As the U.K.'s unprecedented decision to leave the European Union reverberated worldwide, officials from the bloc's six original founding members called for exit negotiations to begin immediately.
France's Foreign Minister Jean-Marc Ayrault said it would not be acceptable for Britain to play a "cat and mouse" game.
"Of course a new (British) prime minister must be appointed, that will probably require a few days but this is quite urgent," he said on Saturday after an emergency meeting attended by Germany, France, Italy, the Netherlands, Belgium and Luxembourg.
"It's in Britain's interest and in the interest of Europeans not to have a period of uncertainty that would have financial consequences, and that could have economic and political consequences," Ayrault added.
The vote to leave the EU forced British Prime Minister David Cameron to announce he would step down by the fall.
The country now "must prepare for a negotiation" with the European Union, one that "will require strong, determined and committed leadership," he told reporters outside his Downing Street office Friday. "I do not think it would be right for me to be the captain that steers our country to its next destination."
Talks should start "as soon as possible," said Germany's Foreign Minister Frank-Walter Steinmeier, also in Berlin.
European Central Bank Governing Council member Francois Villeroy de Galhau warned London's financial center would lose its prized "EU passport" if Britain fails to negotiate continued access to the bloc's single market.

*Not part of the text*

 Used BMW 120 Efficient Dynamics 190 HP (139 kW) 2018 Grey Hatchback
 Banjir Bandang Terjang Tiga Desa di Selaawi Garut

Banks based in London rely on the so-called EU passport to work across the Europe's markets unhindered while basing much of their staff and operations outside the euro zone. Britain has maintained a separate currency, the pound, while most of Europe adopted the euro.
"If tomorrow Britain is not part of the single market, the City cannot keep this European passport, and clearing houses cannot be located in London either," Villeroy, who is also governor of the French central bank, told France Inter radio.

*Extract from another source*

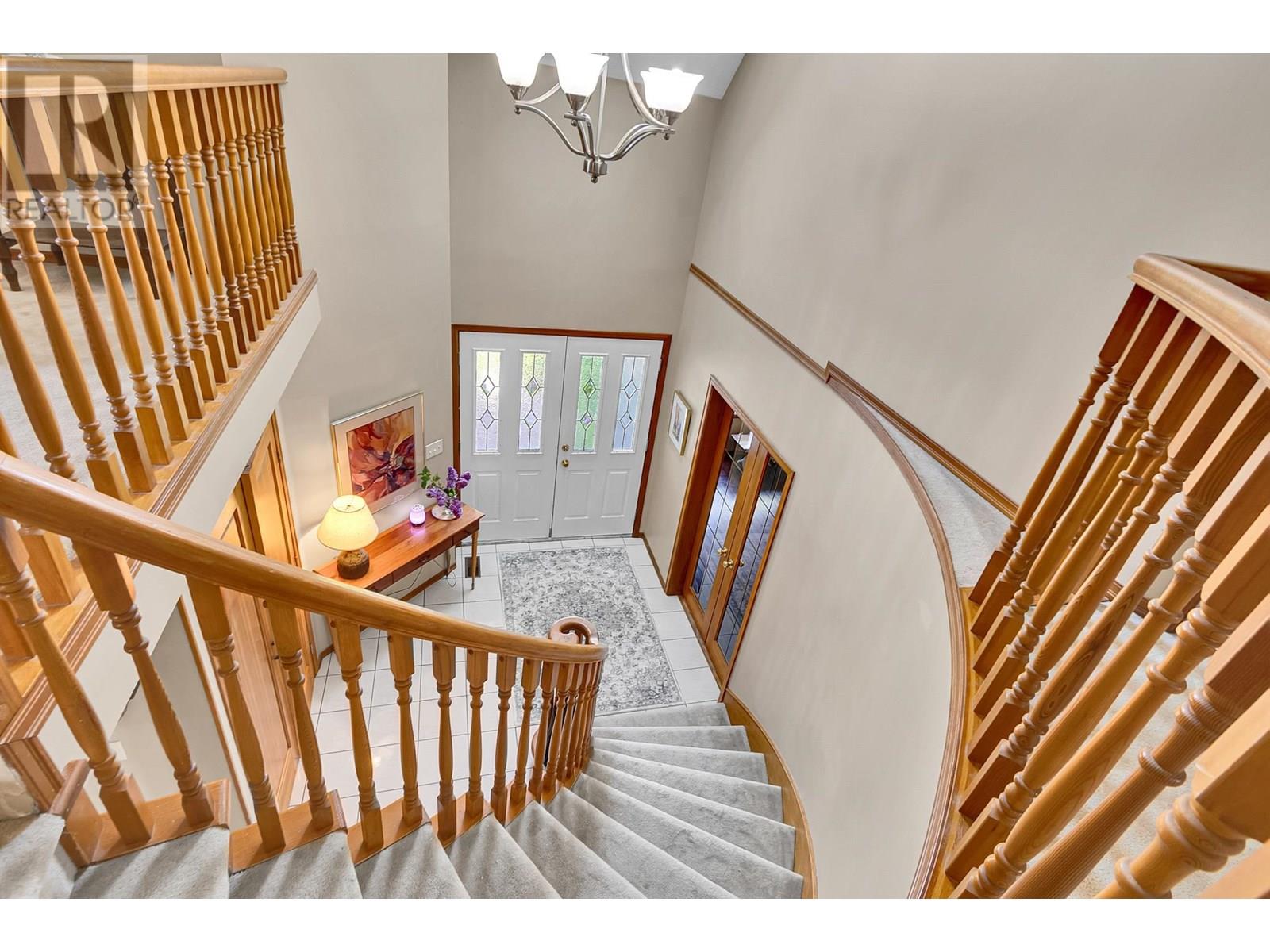 Property at 3825 GRACE CRESCENT image 5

The French capital has been a rival to the City, as London's financial center is known.
Meanwhile, Britons were taking in that the fact that their anti-establishment vote had pushed their economy into uncertain territory, sparking a crisis for a bloc founded to unify post-war Europe.

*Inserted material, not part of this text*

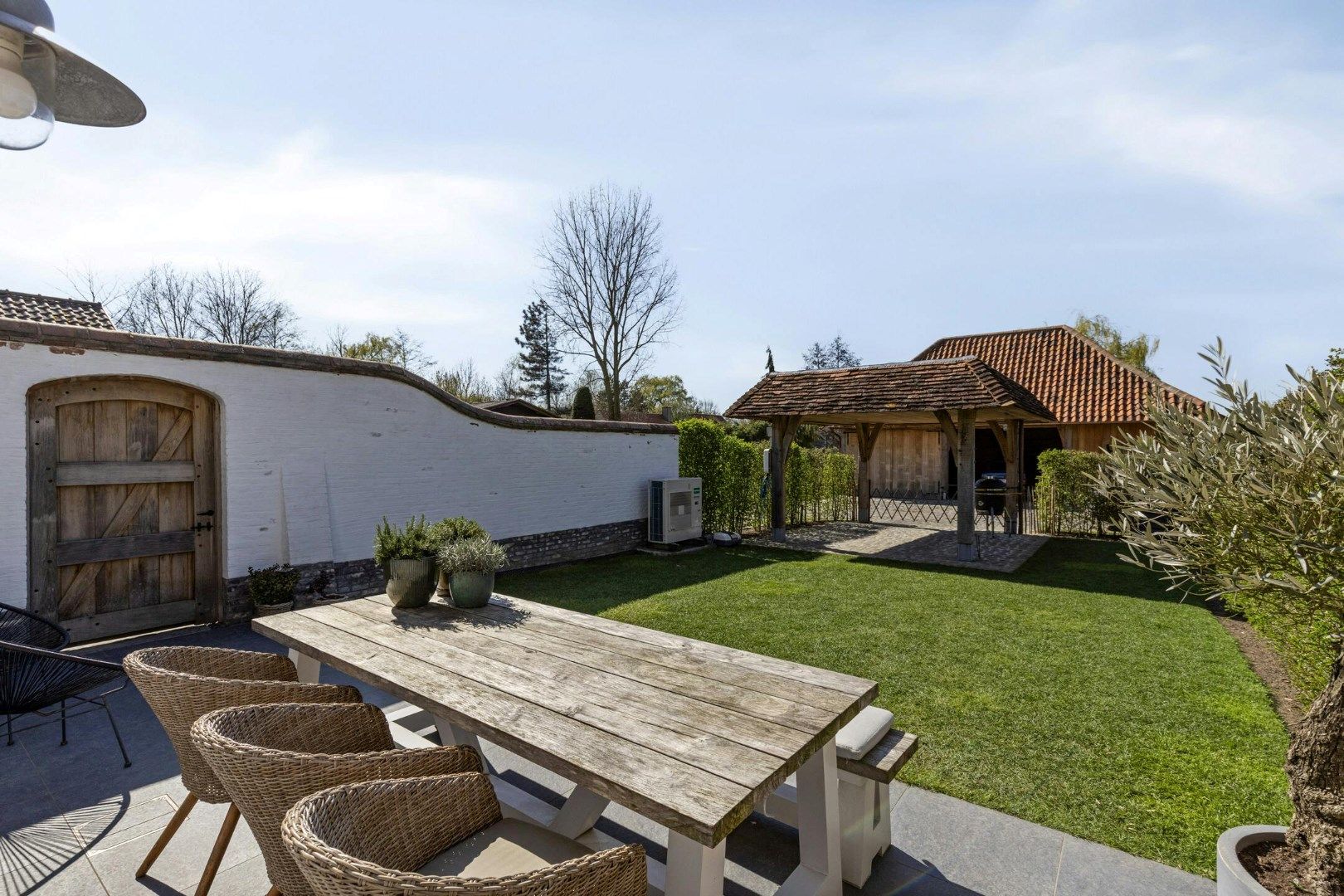 Landelijke energiezuinige villa met  4 slpks te Maldegem foto 2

Many were clearly unhappy with the decision, with a petition calling for a second referendum garnering more than two million signatures.
The U.K.'s surprise move triggered huge selloffs in stock markets worldwide with the Dow Jones Industrial Average dropping more than 600 points on Friday.
"Leave" campaigners have hailed the result as a victory for British democracy against the bureaucratic behemoth of the EU.
Conservative former London Mayor Boris Johnson, who has made no secret of his ambition to take over at Number 10 Downing Street, said "the British people have spoken up for democracy in Britain and across Europe."
Nigel Farage, leader of the hard-right U.K. Independence Party, said "the dawn is breaking on an independent United Kingdom."